Dessa inquietação nasceu o tema para sua tese de doutorado intitulada “A geopolítica do ambientalismo ongueiro na Amazônia brasileira: um estudo sobre o estado do Acre”, que posteriormente resultou no livro “Imperialismo, Ambientalismo e ONGs na Amazônia”, lançado dia 1º de outubro na Fundação Universidade Federal de Rondônia (UNIR) em Porto Velho. “As duas grandes questões que me moveram em direção a essa pesquisa foram: como as ONGs se tornaram novos agentes do imperialismo e porque o problema agrário não estava resolvido em unidades de conservação, dado que a propaganda era de que essas unidades, como por exemplo no caso a Reserva Extrativista Chico Mendes, eram modelos da dita Reforma Agrária da Amazônia”, explica.
Para entender melhor como se desenvolve a pesquisa que deu origem à obra, leia a seguir a entrevista com Nazira Camely:
No livro você cita a expressão “onguismo”. Poderia explicar a que se refere o termo, de acordo com seus estudos?
O conceito de “onguismo” é de um sociólogo espanhol chamado Andrés Piqueras.
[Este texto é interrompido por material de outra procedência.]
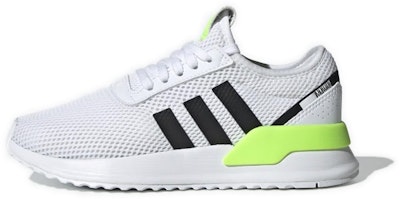 (Youth) adidas U Path X Signal Green EG3456 (Youth) adidas U Path X Signal Green EG3456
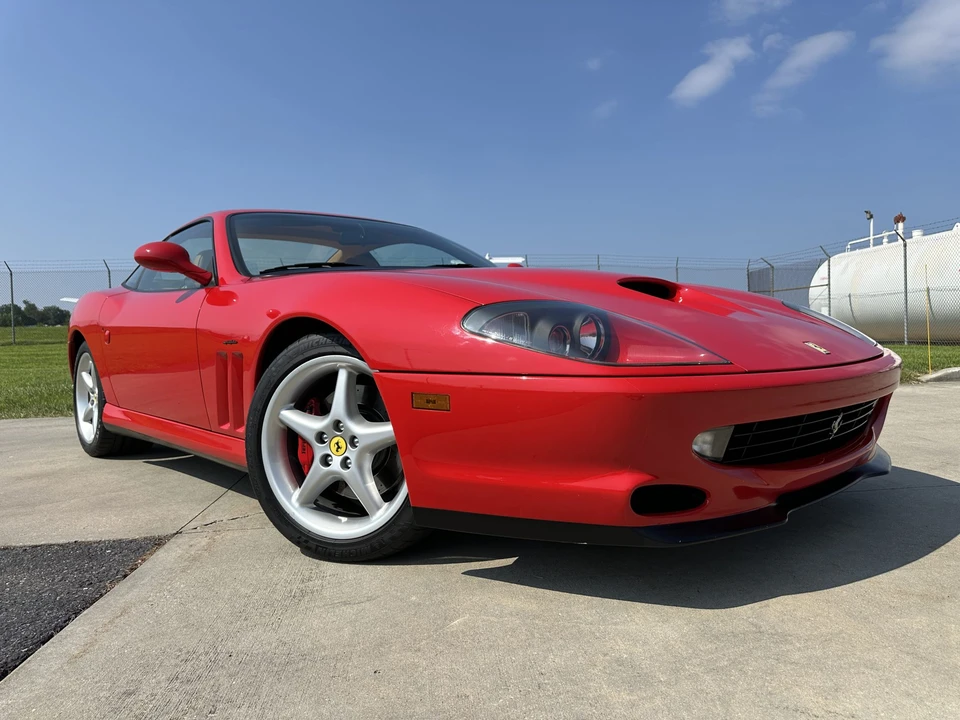 2000 Ferrari 550 Maranello - Image 13 of 31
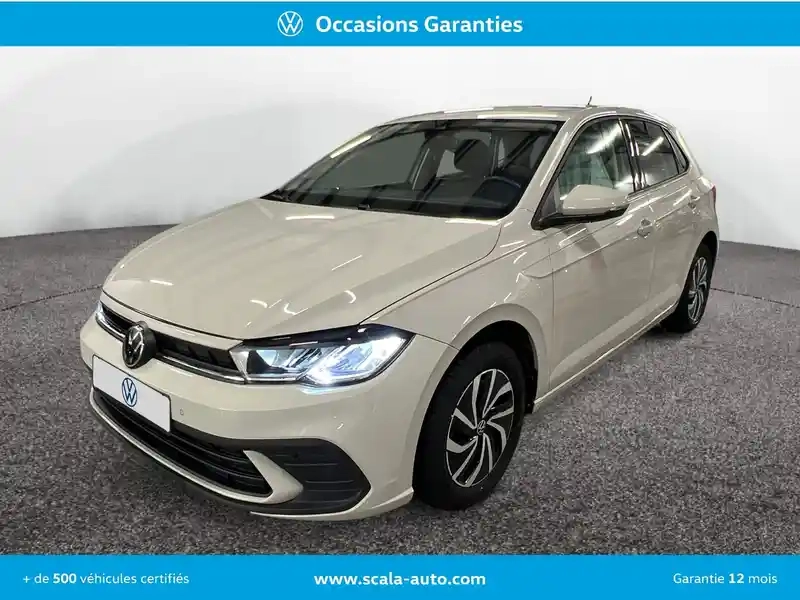 Photo Volkswagen Polo Life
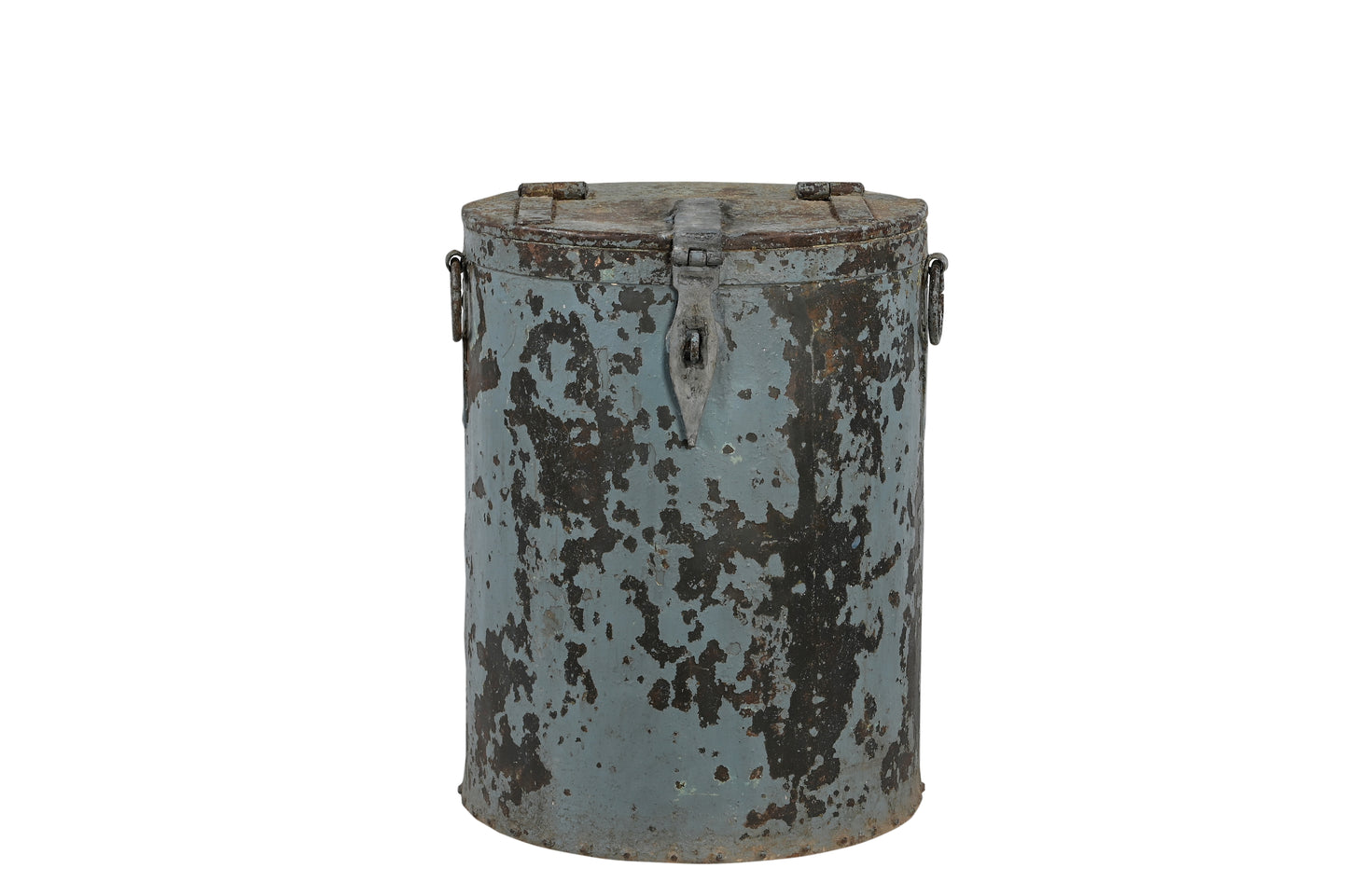 Vintage Iron Pot Tanki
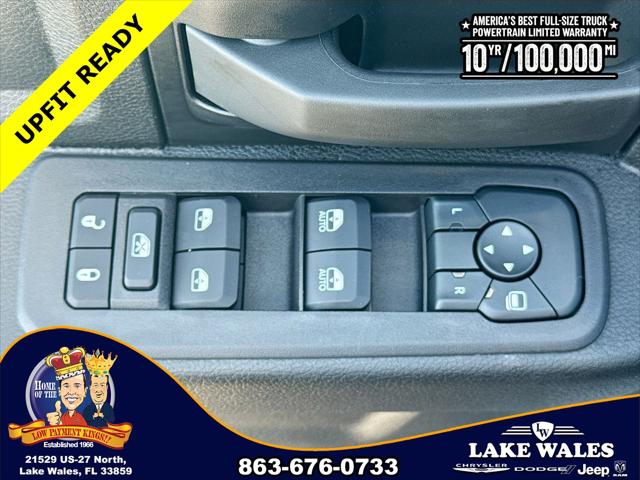 2026 Ram 5500 Chassis Cab Tradesman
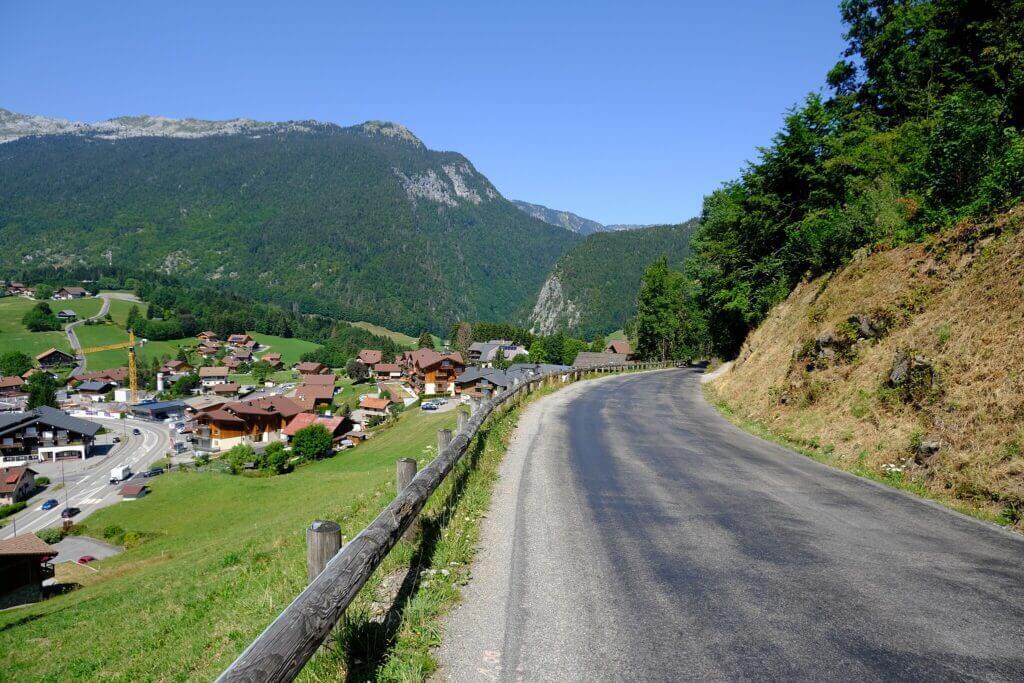 Saint-Jean-de-Sixt - © Guilhem Vellut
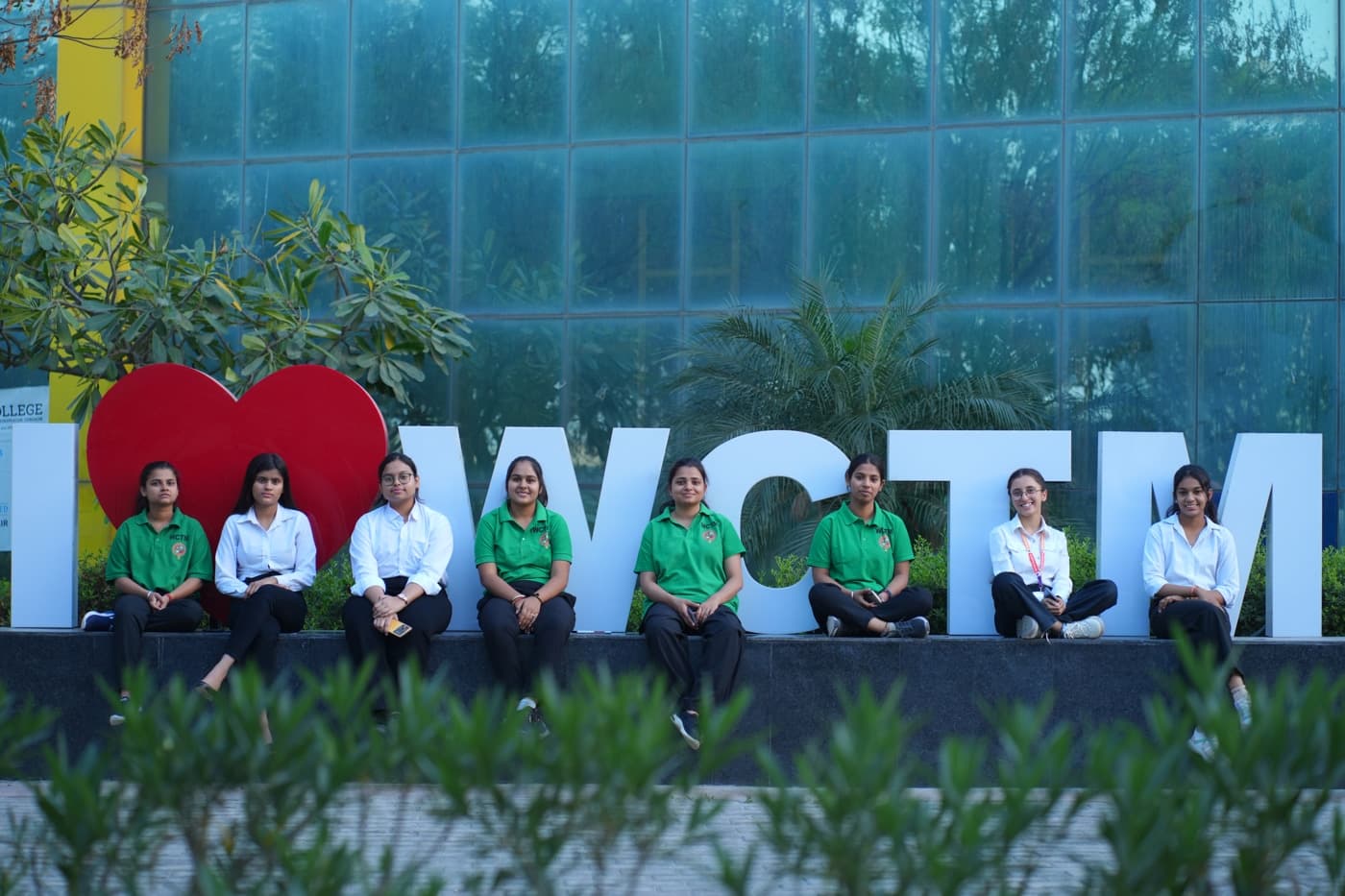 WCTM Campus photo 25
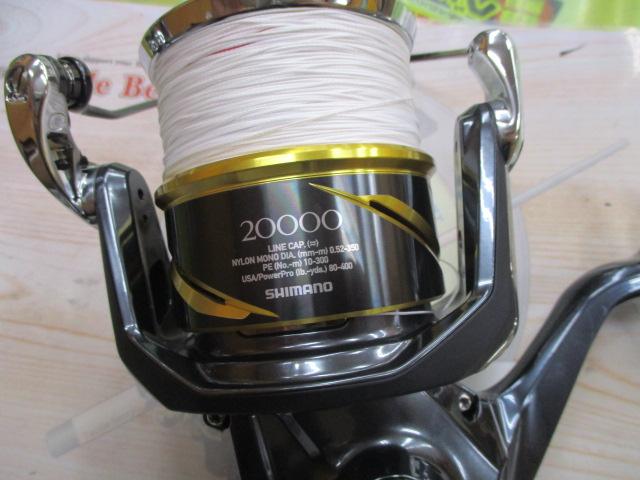 26ステラSW 20000PG｜＠ベリーネット 日本最大新品中古釣具WEBショップ
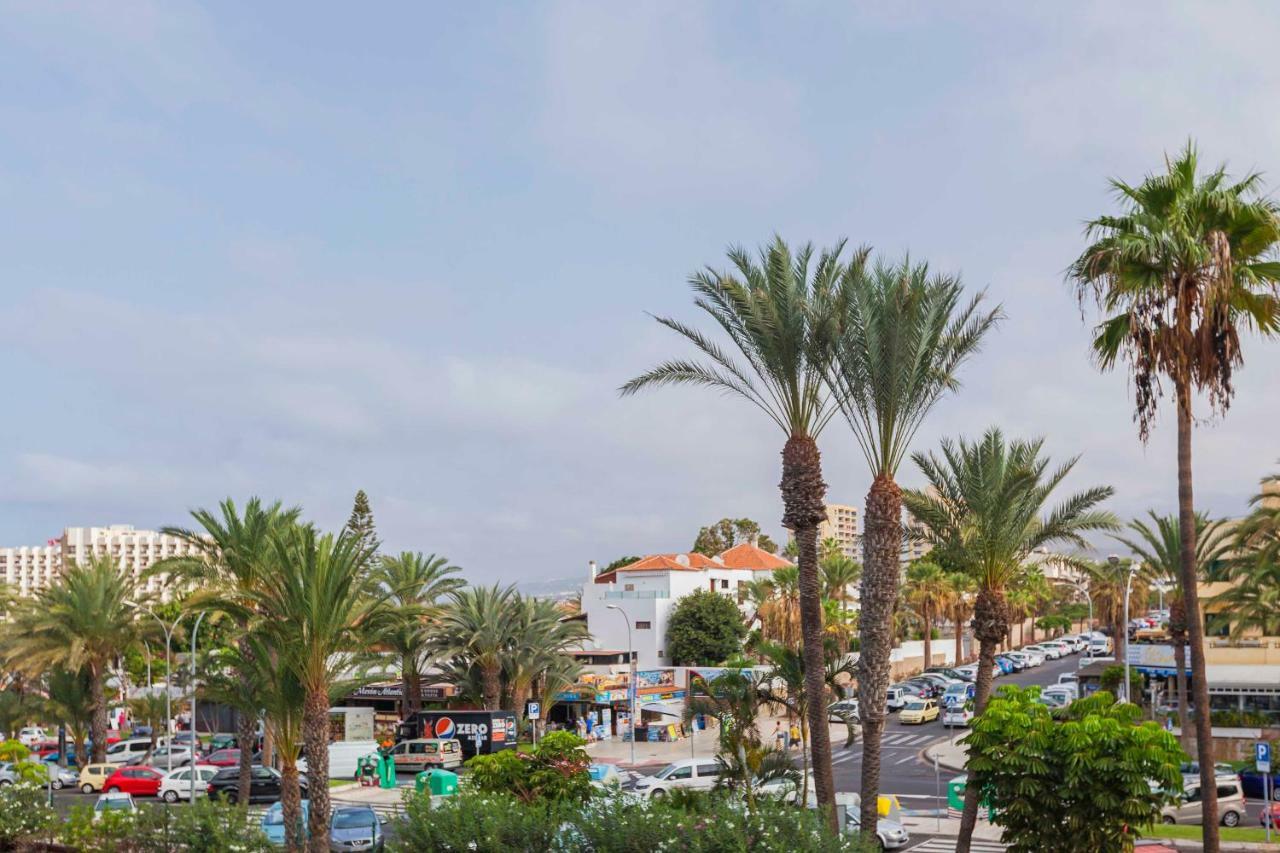 Apartamento El Dorado, Wi-Fi Y Aparcamiento Gratuito Playa de las Americas  Esterno foto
Ele tem dois textos extremamente relevantes para essa área nos anos de 2000 e 2001 onde expõe que o marco do aparecimento das ONGs na sociedade em geral é com a reestruturação do capitalismo, imposta pelo neoliberalismo, a partir dos anos 80. Então há uma série de demandas da população que essas ONGs vão assumindo em um contexto onde o Estado Social está cada vez mais mínimo – pois a proposta do liberalismo é tirar do Estado a sua função de ser uma entidade que atende a todos em suas políticas públicas e estatais. A principal crítica nesse campo das ONGs como fenômeno, é que elas não têm – e não podem ter, devido à própria característica do capitalismo – um projeto de mudança estrutural da sociedade, sendo apenas um paliativo. Portanto, essas ONGs assumem reivindicações dos cidadãos, colocando-se como uma organização mais competente que o Estado.
Você diz que sua pesquisa é voltada para as relações do imperialismo com as ONGs. Poderia explicar melhor?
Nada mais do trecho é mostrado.